Ian Cranshaw: You are absolutely right: it is a massive issue. As a sector, we are energy intensive. The process of chemistry is energy intensive. The UK faces the most expensive energy costs in the whole world in many areas, so it is a real challenge for the competitiveness of our industry. It is one of the reasons why we are proud that, over the last 30 years, we have reduced energy consumption or emissions by 82%.

The leakage is a good point because we have possibly only achieved that because we have lost some critical building blocks from our industrial infrastructure. There are specific chemical products now no longer manufactured in the UK because it was uneconomical to do so. We have to look at that.

As Mr Alger mentioned, there are certain markets within CPTPP that will not be having the additional costs on meeting your climate change obligations, and we are in discussion with BEIS about the carbon border tax and all those other issues that have to be addressed. We have called on BEIS and on the Department for International Trade. We would like to see an investment strategy for how we will attract inward investment into the chemicals sector. We would like there to be an industrial strategy. That does not seem to be mentioned anymore. We would like BEIS to come back and have a strategy for industry as to how we will build back better with our key industries. We will give some more thought to that and I will contribute to the committee. I am sorry, Lord Goldsmith, I hope that I did not go on.

The Chair: No, thank you for that. Do our other two witnesses want to say something brief about this now? Lord Lansley has rightly said that if you are able to give us something in more detail we would very much appreciate that.

Paul Alger: I will certainly come back to you with some additional thoughts, but one of the concerns, again as I said earlier on, is that we have spent the last 10 or 15 years reshoring and near-shoring as part of our commitment to bring down fossil fuel use, for example. The broader we go in our supply chain, the more difficult that becomes to maintain. From our side, maintaining UK standards, trying to bring other countries up to the UK’s level of ambition rather than dropping down to countries’ standards where they have less of an ambition, is certainly something that we would be very enthusiastic about.

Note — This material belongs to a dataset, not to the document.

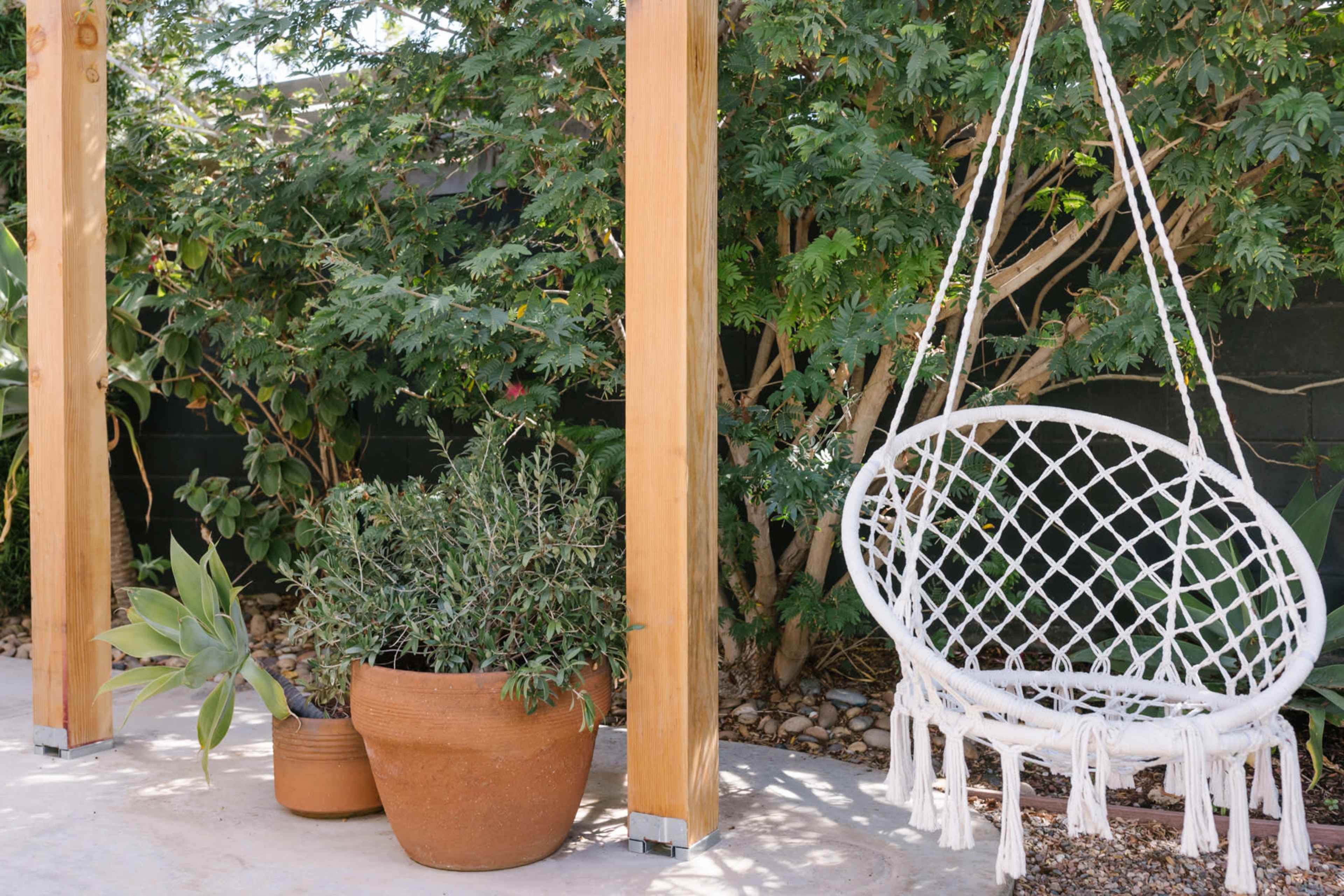 A macramé hanging chair is positioned beside potted plants and wooden posts in a landscaped outdoor area.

Alessandro Marongiu: To end on a positive note, I will not comment on carbon leakage but I have three points where there could be a positive impact for the environment. First, in particular, in the deal with Australia if we manage to allow tariff-free treatment for environmentally friendly vehicles that is a positive. Secondly, if we manage to secure a reliable supply of raw materials that are necessary for battery production, that will help strengthen supply chain resilience and increase our manufacturing of new technologies. Finally, rules that can help build a stronger circular economy through tariff-free treatment of remanufactured products are also very useful.

The Chair: Thank you all very much for your input. It is extraordinarily helpful. Thank you also for offering to give us some further information. You have made the point, I think, Mr Cranshaw, that some of this will depend upon what the final details are. That is one of the issues that we always face as a committee because, when we see that, that is right at the end of the process. Anything you can tell us about what we should be looking for as the negotiations continue would also be very helpful. I do not want to add too much to your homework; forgive me for that.

Thank you all very much. We will draw this public session to a close. I invite my colleagues to join on Teams in perhaps five minutes, where we will then have further business, including a meeting with the Minister. Thank you all very much and I wish you a safe evening.